Evidently, the government hopes to use the MYEFO as the starting block for an early election, possibly to be held before the scheduled March 29 annual budget. That budget would then be used to begin inflicting the social pain. The MYEFO sets aside nearly $16 billion for unannounced projects—an election slush fund. That is more than 10 times the equivalent item in last year’s MYEFO.

Even this may not help the increasingly unstable, paralysed and faction-wracked government of Prime Minister Scott Morrison, which was unable to pass any legislation through parliament in the final session of 2021 without the backing of the Labor Party.
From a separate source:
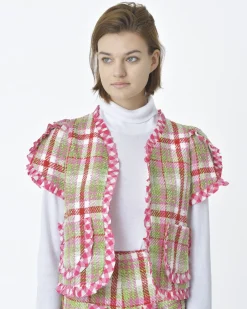 La Piscine Paris Veste manches courtes d'ensemble tartan Edward Achour*Femme Blousons & Vestes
Big business and the financial press condemned the MYEFO for delaying “budget repair” until after an election. The Australian’s editor-at-large Paul Kelly declared: “The Liberals have surpassed Labor as big spenders. Spending now under Morrison/Frydenberg and into the future is running at a higher level as a proportion of GDP than during the Rudd-Gillard era with spending in 2031–32 projected at 26.7 percent of GDP, distinctly above Labor’s record.”

The Australian Financial Review hosted an opinion column by former Labor Prime Minister Kevin Rudd, in which he criticized the Morrison government for “mind-boggling spending of 32.1 per cent of GDP—a modern record.” This was fuelling an “eye-watering deficit” that dwarfed the one left by his government in 2013.

Rudd concluded: “In an era of growing inflation, this reckless fiscal indiscipline is grossly irresponsible.” That is a warning that any incoming Labor government would seek to inflict deep austerity measures on the working class.